→ EXERCISE DESCRIPTION
Give the records below again, word for word. No pictures belong in the copy.

→ SOURCE MATERIAL
== Segment start ==
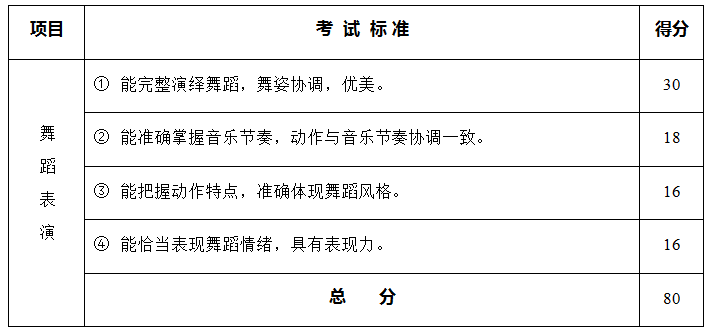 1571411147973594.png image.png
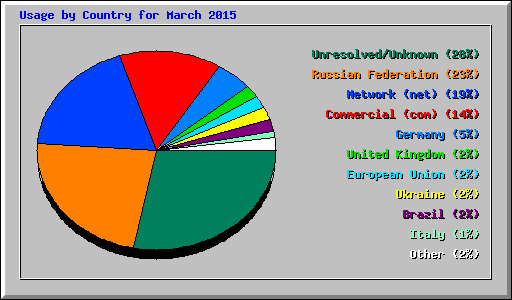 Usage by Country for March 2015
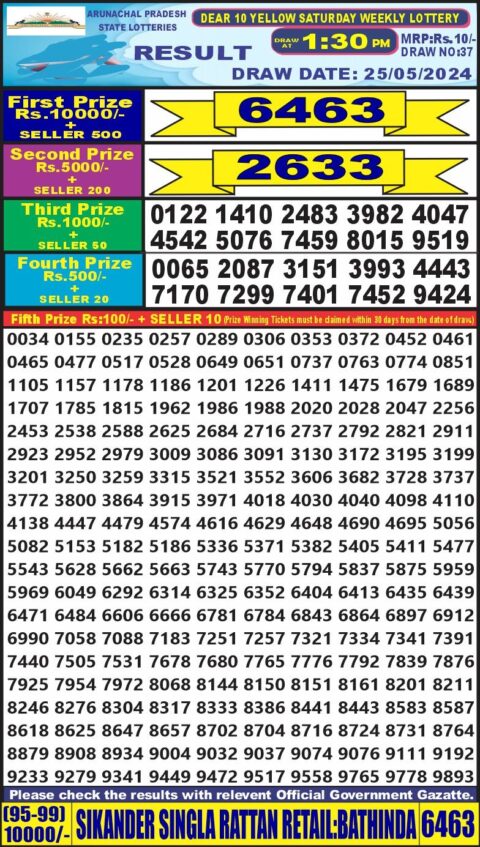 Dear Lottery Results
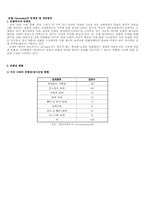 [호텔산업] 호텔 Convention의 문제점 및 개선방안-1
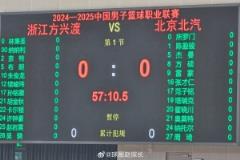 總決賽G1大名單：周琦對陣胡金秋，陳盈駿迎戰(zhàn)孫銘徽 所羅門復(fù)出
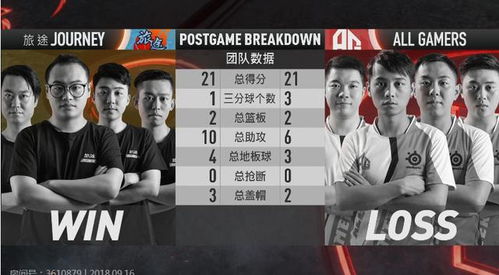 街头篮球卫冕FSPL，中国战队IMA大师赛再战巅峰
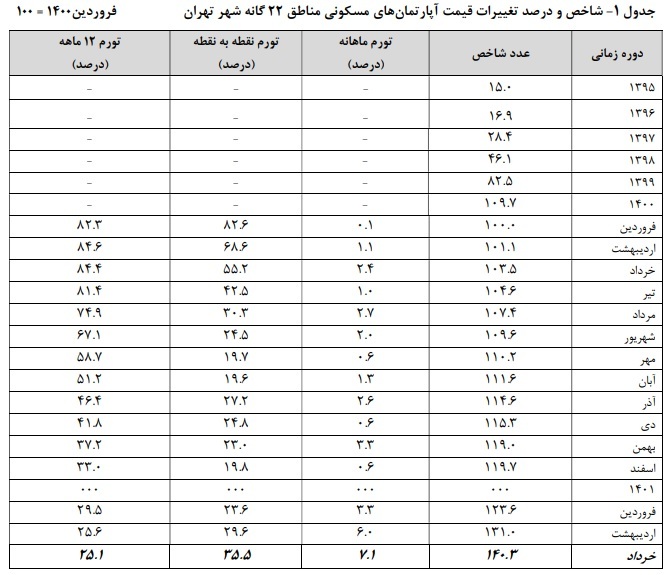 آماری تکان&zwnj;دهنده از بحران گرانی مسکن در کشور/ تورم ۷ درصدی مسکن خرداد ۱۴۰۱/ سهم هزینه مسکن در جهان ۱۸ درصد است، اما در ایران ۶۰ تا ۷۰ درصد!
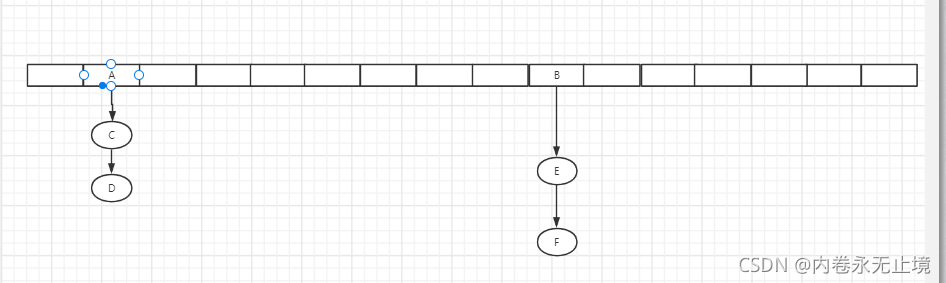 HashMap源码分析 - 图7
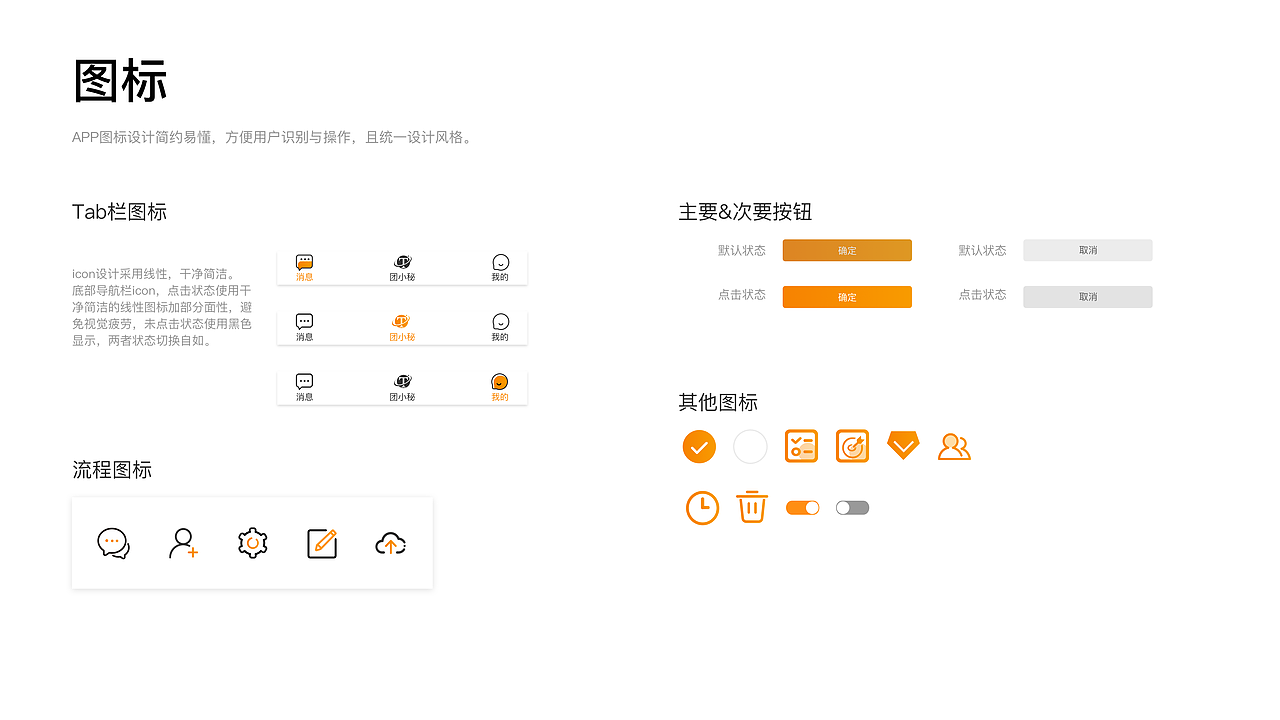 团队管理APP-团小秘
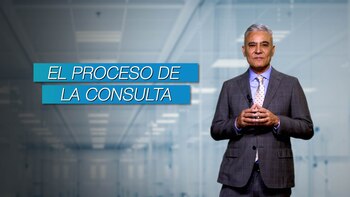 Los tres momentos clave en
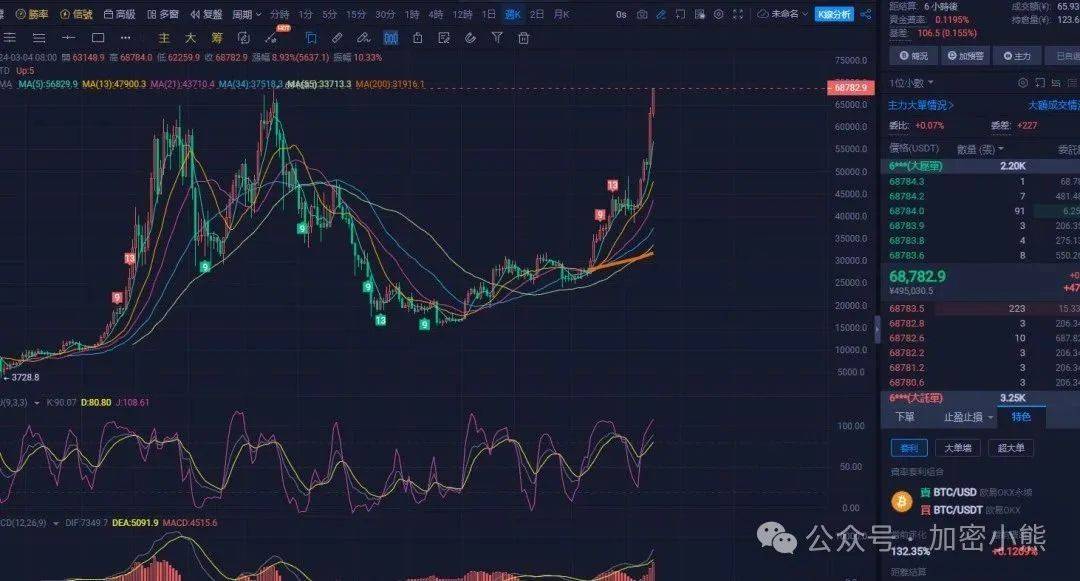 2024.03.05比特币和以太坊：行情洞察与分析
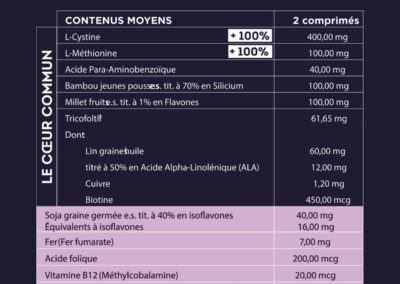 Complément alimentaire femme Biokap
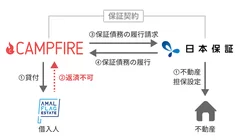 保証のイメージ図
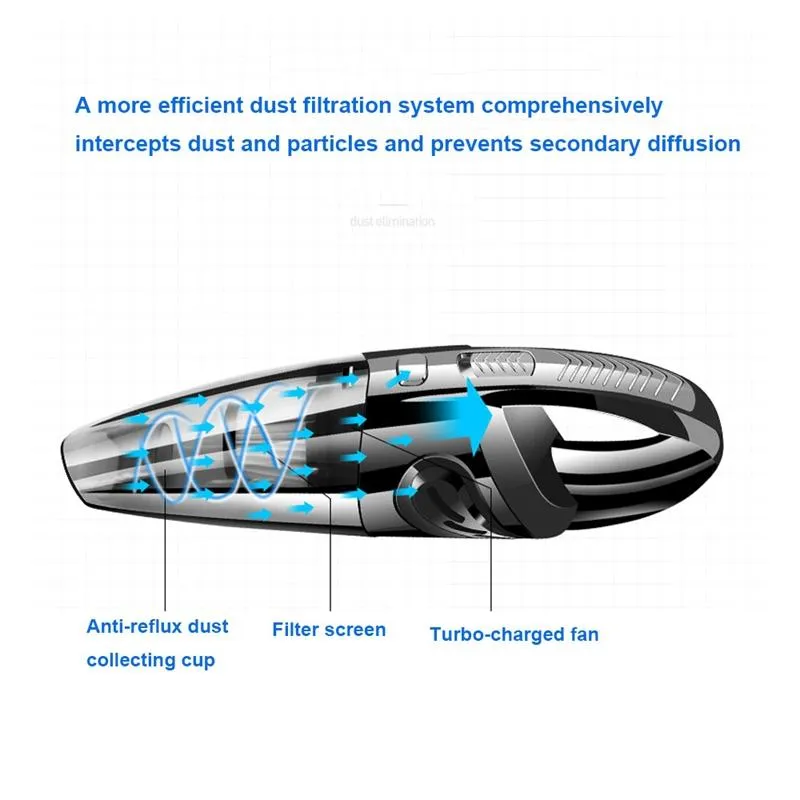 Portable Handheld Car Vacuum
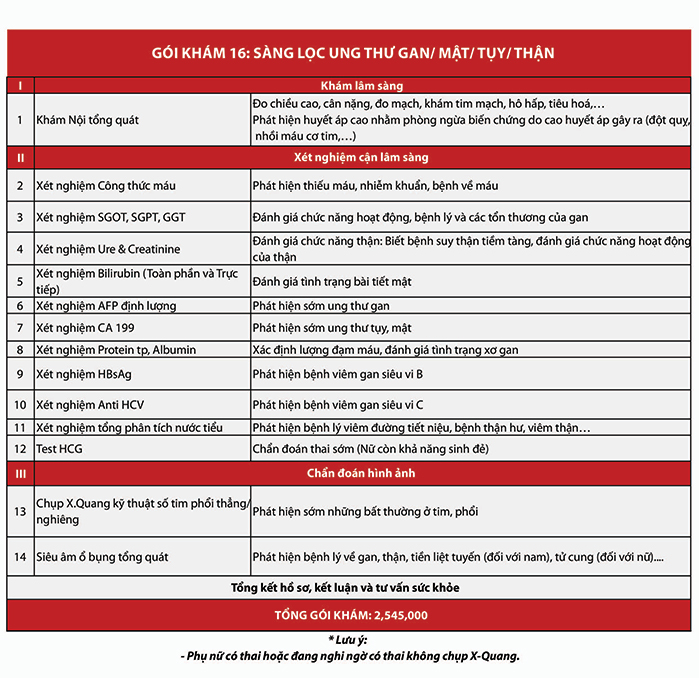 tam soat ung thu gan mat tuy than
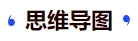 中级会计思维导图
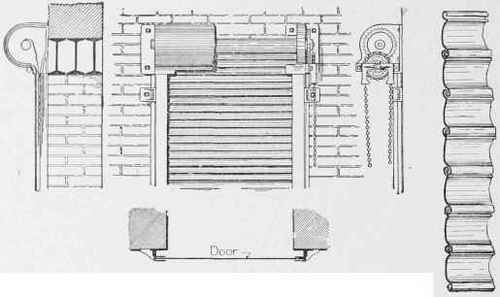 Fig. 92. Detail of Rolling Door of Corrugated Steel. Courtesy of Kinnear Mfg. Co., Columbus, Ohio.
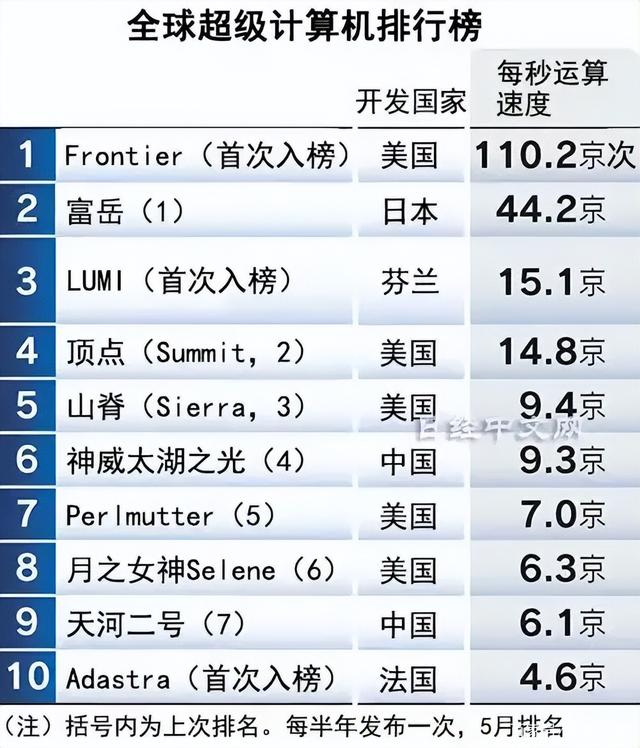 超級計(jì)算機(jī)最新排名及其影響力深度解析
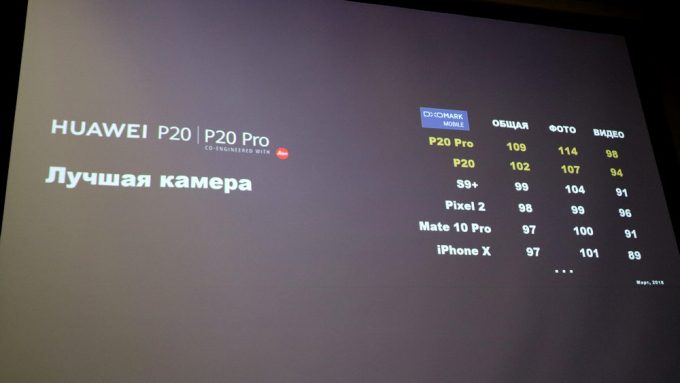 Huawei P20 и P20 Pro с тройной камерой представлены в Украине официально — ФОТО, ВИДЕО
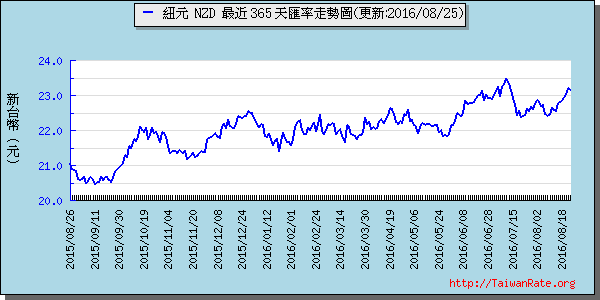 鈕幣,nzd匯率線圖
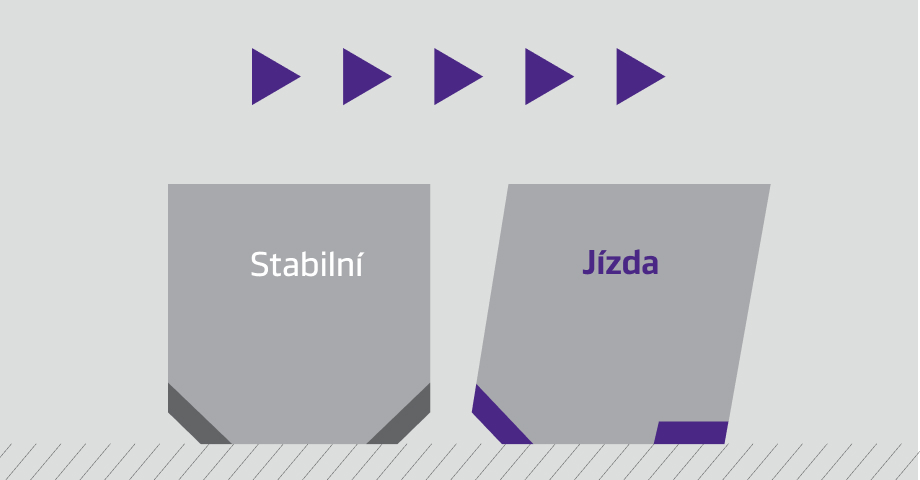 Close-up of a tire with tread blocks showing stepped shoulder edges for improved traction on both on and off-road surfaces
== Segment end ==
→ WRITTEN SOLUTION
 1571411147973594.png image.png
 Usage by Country for March 2015
 Dear Lottery Results
 [호텔산업] 호텔 Convention의 문제점 및 개선방안-1
 總決賽G1大名單：周琦對陣胡金秋，陳盈駿迎戰(zhàn)孫銘徽 所羅門復(fù)出
 街头篮球卫冕FSPL，中国战队IMA大师赛再战巅峰
 آماری تکان&zwnj;دهنده از بحران گرانی مسکن در کشور/ تورم ۷ درصدی مسکن خرداد ۱۴۰۱/ سهم هزینه مسکن در جهان ۱۸ درصد است، اما در ایران ۶۰ تا ۷۰ درصد!
 HashMap源码分析 - 图7
 团队管理APP-团小秘
 Los tres momentos clave en
 2024.03.05比特币和以太坊：行情洞察与分析
 Complément alimentaire femme Biokap
 保証のイメージ図
 Portable Handheld Car Vacuum
 tam soat ung thu gan mat tuy than
 中级会计思维导图
 Fig. 92. Detail of Rolling Door of Corrugated Steel. Courtesy of Kinnear Mfg. Co., Columbus, Ohio.
 超級計(jì)算機(jī)最新排名及其影響力深度解析
 Huawei P20 и P20 Pro с тройной камерой представлены в Украине официально — ФОТО, ВИДЕО
 鈕幣,nzd匯率線圖
 Close-up of a tire with tread blocks showing stepped shoulder edges for improved traction on both on and off-road surfaces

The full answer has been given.